Almost all of his cases have one thing in common: they involved illegal immigrants reentering the United States, looking for work and finding jail time instead.
"I'm on the bench every morning of every day for several hours, sentencing defendants. A very high percentage of those involve Mexican citizens charged with felony reentry. Then I take a break, come back and do it some more," said Brack, who was ranked No. 1 in the country in overall caseload, according to federal statistics and Syracuse University.
Immigration-related felony trials have been on the rise for several years, straining the resources of courts and prisons from Texas to California and illustrating the difficulties of policing the country's primary point of entry for illegal immigrants and drugs.
All along the 2,000-mile U.S.-Mexico border, courts are clogged with immigration-related cases. As a result, the region's courtrooms handle a disproportionate amount of the country's crime. Just five of the country's 94 districts -- South California, New Mexico, Arizona, West Texas and South Texas -- handle 75 percent of all the criminal cases in federal district courts around the country.
The number of immigration trials have spiked since 2005, a result of a federal program called Operation Streamline that puts illegal immigrants on a fast track to prosecution, detention and deportation.
In the first seven months of 2008, the government reported 38,443 new immigration prosecutions. The Transactional Records Access Clearinghouse, a data research organization at Syracuse University, estimates there will be 65,902 immigration cases this year, a 65 percent increase over last year and a 216 percent increase over 2003.

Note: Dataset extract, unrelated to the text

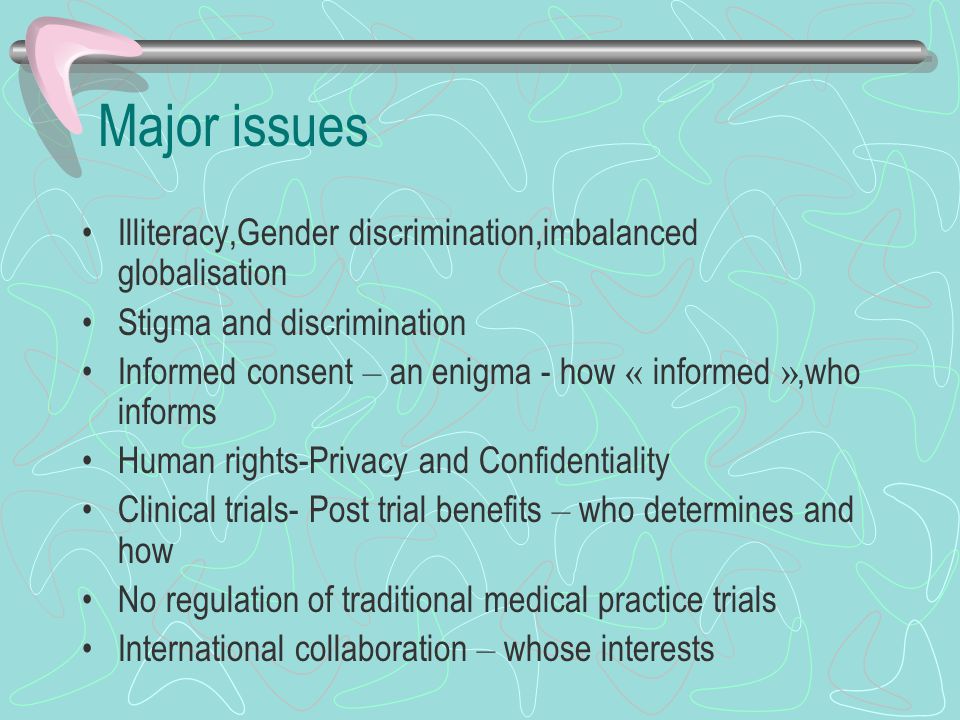 Major issues Illiteracy,Gender discrimination,imbalanced globalisation Stigma and discrimination Informed consent – an enigma - how « informed »,who informs Human rights-Privacy and Confidentiality Clinical trials- Post trial benefits – who determines and how No regulation of traditional medical practice trials International collaboration – whose interests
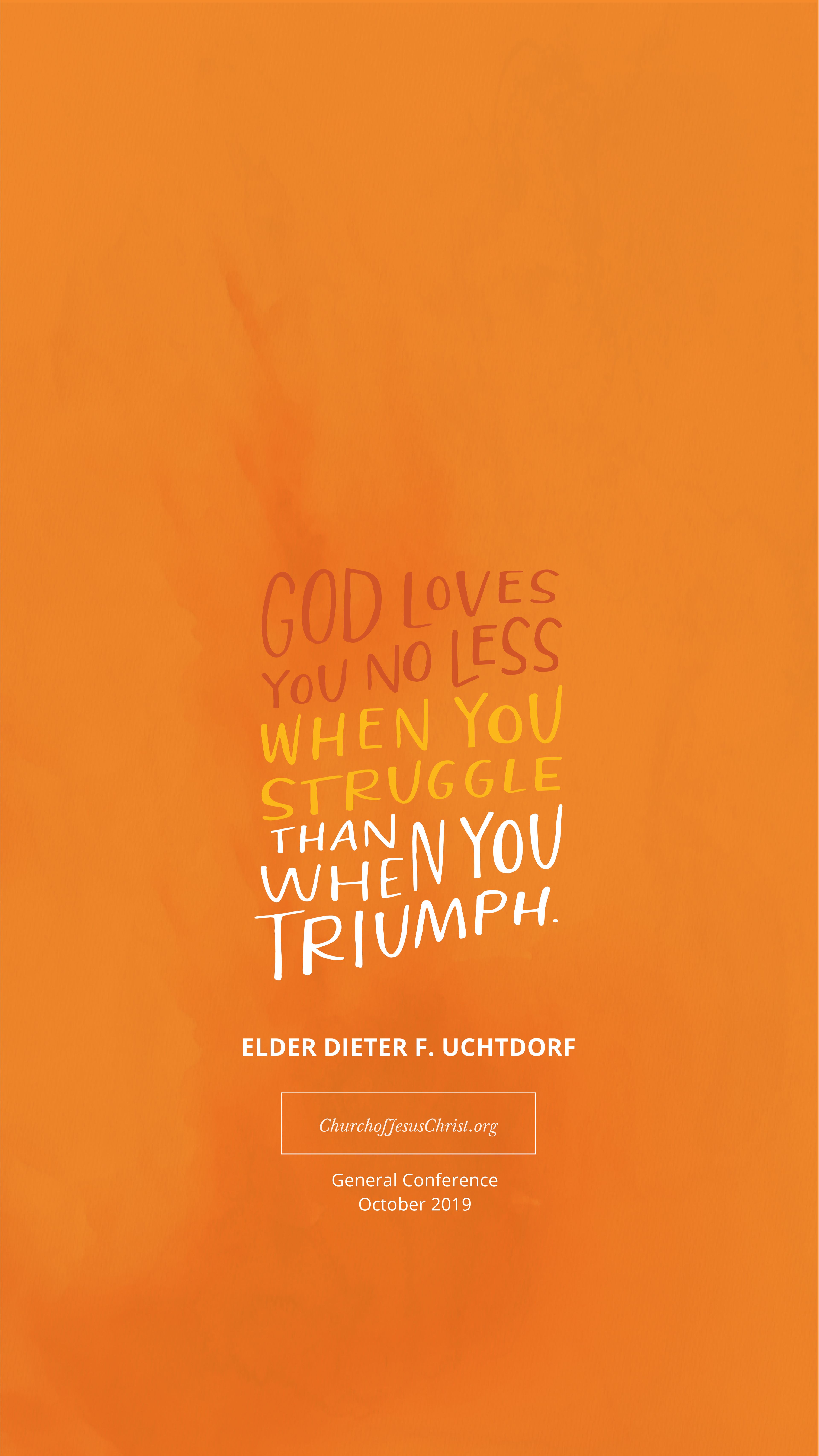 "God loves you no less when you struggle than when you triumph." |  Dieter F. Uchtdorf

For the Department of Homeland Security, Operation Streamline is an indispensable tool needed to secure the border. In the past year, the government says, the deterrent of prison time has dramatically decreased the number of the people trying to cross the border from Mexico.
Critics, however, contend that the increased number of cases strain an already burdened judicial system, depriving lawyers and judges of ample time to hear cases and denying defendants the right to a fair trial.